Blog

Your data team is too slow (and accuracy won't save you)

Katie Bauer, Hex's Head of Data, shares a hard truth: speed matters as much as accuracy, and AI agents finally let data teams deliver both.

Hourglass

The irony of my career in data: my love of getting to the bottom of things is also my biggest liability. I feel like I’ve really done my job when I have a complete, accurate answer. Sometimes it’s the right thing to do and there are many stakeholders who appreciate it, but there are a lot more who receive the buttoned up output of a data professional and think, “…that’s not really what I needed, and now it’s too late.”

This is a bad experience for all parties involved, but it’s much worse for the data professional.

When you don’t give someone the data they were envisioning at the speed they expected, there’s a silent cost. They start questioning your ability to quickly understand what they need, which starts them down the path of disengaging. The data professional lives or dies by stakeholder trust, and both accuracy and speed are required to build and maintain it.

Accuracy isn’t the only goal

Data teams have been on the quest for reliability for a long time, envisioning a beautiful future where consistent and accurate data is available to anyone, at any time, via a self-service interface.

The good news is we’ve made a lot of progress over the years! The problem is there’s been disproportionate focus on the accuracy piece, while our ability to quickly get data into the business’ hands has largely been static. It’s 2025, and the data profession is overwhelmingly still focused on delivery through dashboards, which often take time to turn around.

Fortunately, things are finally starting to change.

If you take an honest look at the behavior of our stakeholders, their revealed preference (as evidenced by all the QQs we data people receive in our DMs) is to ask questions about data in natural language.

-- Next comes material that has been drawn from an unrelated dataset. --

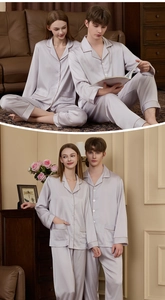 Detail of silk satin pajamas set with contrast piping and button-down front in light purple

While natural language is imprecise, it has an advantage over your standard issue BI tool: no one needs to be trained on how to use it. As long as you can reliably translate imprecise natural language into technical requirements that enable accurate responses, it really is the best interface for accessing data. Agentic analytics (like Hex’s Threads capabilities) is the an exciting glimpse of that possible future.

When done right, agents can give your data team new leverage in how you support the business.

Agents can:

  • Answer more questions immediately and handle multiple simultaneously

  • Keep your schedule clear by eliminating endless follow-up questions and meetings with stakeholders

  • Let people start with vague, open-ended questions and iteratively refine their hypothesis and mental models

  • Enable stakeholders to actually look at data and shape their understanding based on what they see

The iteration advantage: trading perfection for speed

The biggest blocker allowing the business to access data via natural language has been that the translators are usually us, human data people. The current AI boom is our ticket to the data delivery scalability we’ve always lacked. Speeding up this cycle is crucial for stakeholders to learn what it means to be data-informed (or even data-driven), and being able to enable this process at scale is a data team dream.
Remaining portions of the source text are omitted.